Ok, I'm starting to have bees this spring. My first time. I am going to use a mouse guard and I was wondering if I should put it on first in the spring and just leave it on all year round. Or should I just put it on in fall? Also with wrapping tar paper is it easy to administer that without the bees going crazy? Looks hard to get it on the hives.
>Ok, I'm starting to have bees this spring. My first time. I am going to use a mouse guard and I was wondering if I should put it on first in the spring and just leave it on all year round. Or should I just put it on in fall?
Put it on when it gets cold enough for the bees to start clustering after there is no hope of any more fall flow.
>Also with wrapping tar paper is it easy to administer that without the bees going crazy?
I've never done it, but I don't think it would be difficult.
>Looks hard to get it on the hives.
A stapler and a knife is all it would take.
Where do you live?
I've been in Western Nebraska, Larmamie WY and the front range of Colorado and I've never wrapped a hive.
Never lost one to cold. Mites, yes.
tarpaper wrap is very simple. Just wait till the bees have clustered on a cold fall eve or morn and wrap & staple it in place.
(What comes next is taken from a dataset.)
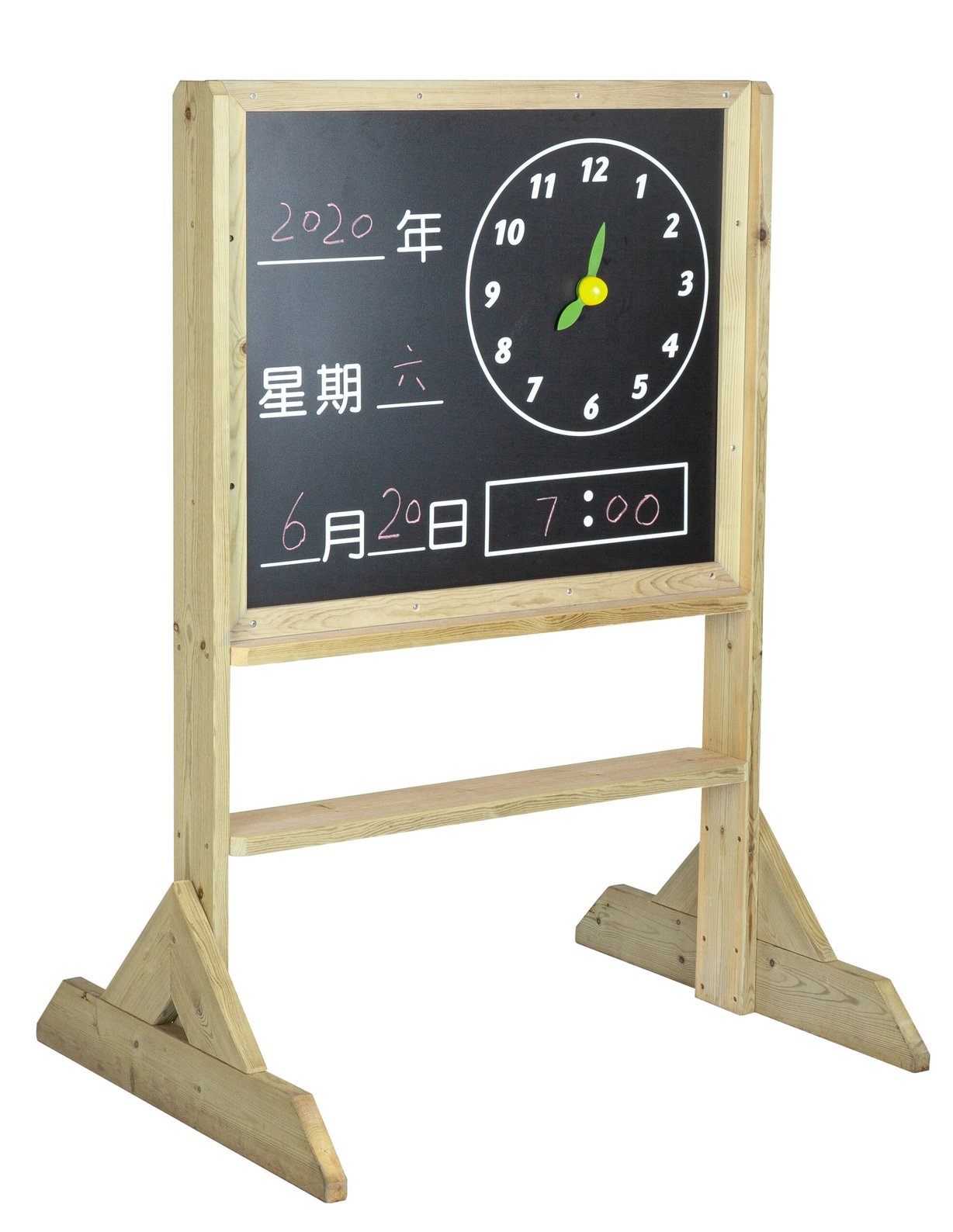 Tablica Manipulacyjna Kredowa 2w1 Nauka Czasu i Pogody CLASSIC WORLD EDU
If you live in the south you probably don't have to wrap at all. Even alot of northern beekeepers don't wrap. But I think tar paper wrap will be good in most northern locations. As for putting on tar paper on a colony it should be less of a deal than actually manipulating bees, and easy to put on. Staple it on , or use a wodden cleat with a a few nails and tack it on. No big deal. As for mouse guards you should place them on in the fall just before MR./MRS. mouse look for a winter home. Remove them in the spring. When you remove the mouse guard in the spring you should time it to do your spring cleaning. So remove the mouse guard, scrape bottom board clean (or swap for a newly painted one), reverse, paint boxes if needed, tighten nails in boxes, level hives that have settled off level, ect.
I suppose I should say more about WHY you have a mouse gaurd and why it's only on in the fall and winter. But when the bees are active and flying mice are not a problem. When the cold comes and the bees are clustered and lethargic, the mice like the heat, shelter and food of the hive and move in. As long as the bees are still flying you don't need a mouse gaurd.
>But when the bees are active and flying mice are not a problem.
That's true, I have active bees and flying mice are not a problem for me either. http://www.beesource.com/ubb/wink.gif
But when the bees are active and flying (comma) mice are not a problem.
Throw me down the stairs my coat.
I would like to have a sugar glider, how can you find them in our area?
I do not know about your area but I know a breeder of the sugar gliders.
HB - Look for my e-mail, thanks.
Well I live in southeastern Ohio. I'm probably gonna throw it on around september, cause I'm really parenoid about mice. They seem to get into everything around where I live.
I'm here in KY. Sept. is about the time I put my mouse guards on.